Abstracts
Abstract
Abe Masao’s contribution to late twentieth-century Buddhist-Christian dialogue was important in opening new avenues of interfaith understanding. However, some clarity in this dialogue was sacrificed when Christian participants were given to believe that they encountered « the Buddhist view » in Abe’s presentations. The present article contends that in significant ways Abe represented only the Kyōto School philosophy that drew on earlier Japanese philosophers of Absolute Nothingness and their appropriation of Zen enlightenment as the locus for all religious understanding, a place where all negation and affirmation are simultaneously affirmed and denied.
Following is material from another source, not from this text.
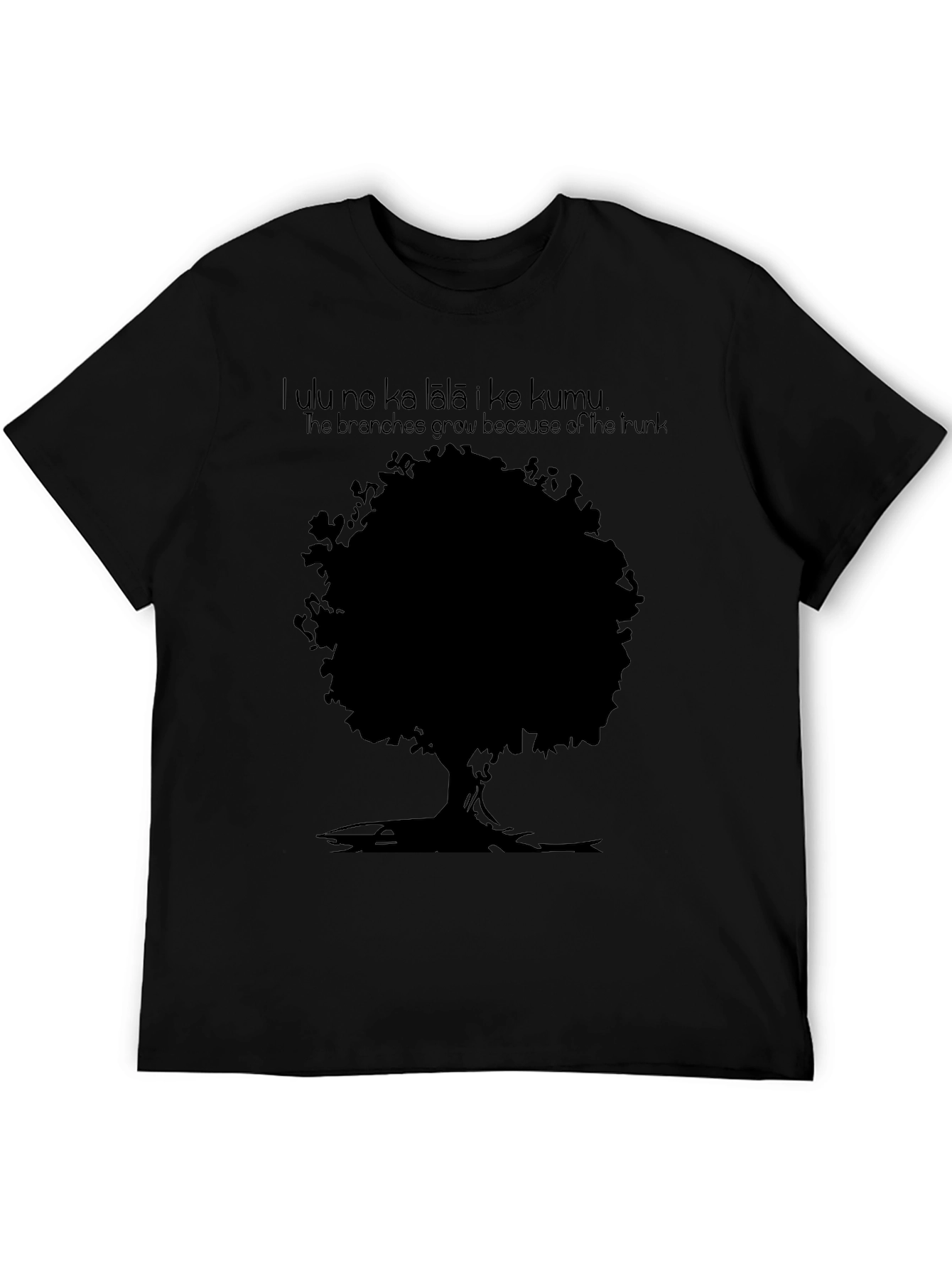 Tree Graphic Mens Black T-Shirt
The present article contends that Abe’s Kyōto School philosophy does not represent the broad classical traditions of Mahāyāna Buddhism, wherein emptiness does not mean absolute nothingness, but the dependent arising of all places and all philosophies.
Résumé
La contribution d’Abe Masao au dialogue christiano-bouddhiste a permis d’ouvrir de nouvelles voies de compréhension mutuelle. Toutefois, de la clarté a été sacrifiée dans ce dialogue lorsque des participants chrétiens furent amenés à croire qu’ils avaient trouvé « la vérité bouddhique » dans les présentations d’Abe. Cet article soutient qu’en grande partie Abe ne représentait que l’École de Kyōto qui s’appuyait sur des philosophes japonais du Néant Absolu et leur appropriation de l’illumination zen comme lieu de toute compréhension religieuse ; un lieu où toute négation et toute affirmation sont simultanément affirmées et niées. Cet article soutient que la philosophie de l’École de Kyōto de Abe ne représente pas l’ensemble des traditions bouddhiques classiques du Mahāyāna dans lesquelles le vide ne signifie pas le néant absolu mais l’apparition de tout lieu et de toute philosophie.